(Given information Opens)

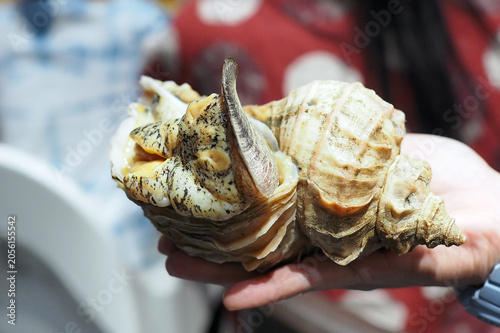 Photos Holding fresh whelk Tsubugai (or Japanese conch shell) for making sashimi in the restuarant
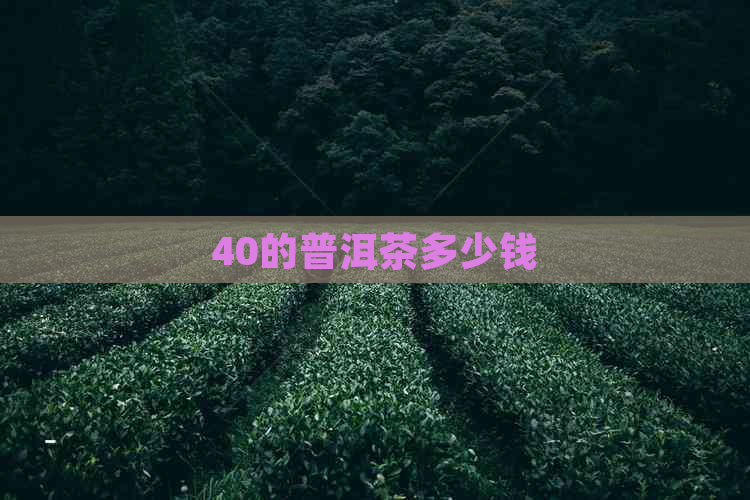 40的普洱茶多少钱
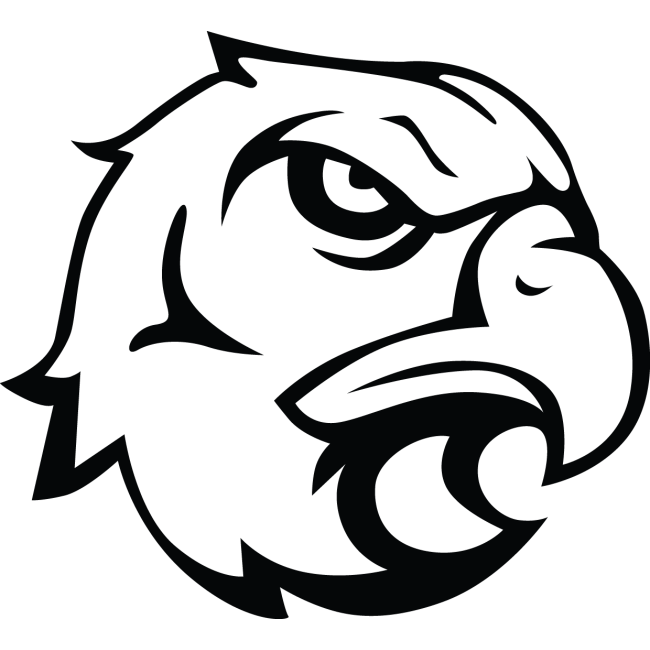 Autós matrica - Sasfej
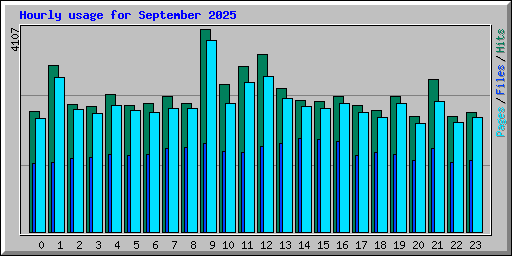 Hourly usage for September 2025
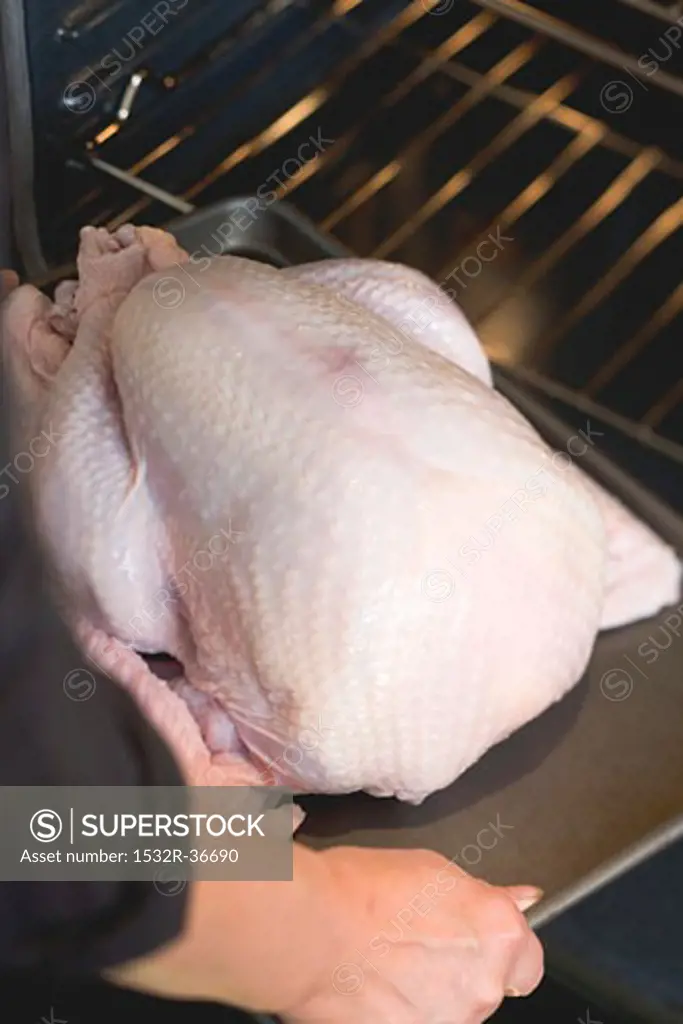 Putting turkey on baking tray into oven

(Given information Closes)

Problem: With pictures left out, transcribe each line from the one containing "Hourly usage for September 2025" through the end of the data, both ends included.

Your solution:
 Hourly usage for September 2025
 Putting turkey on baking tray into oven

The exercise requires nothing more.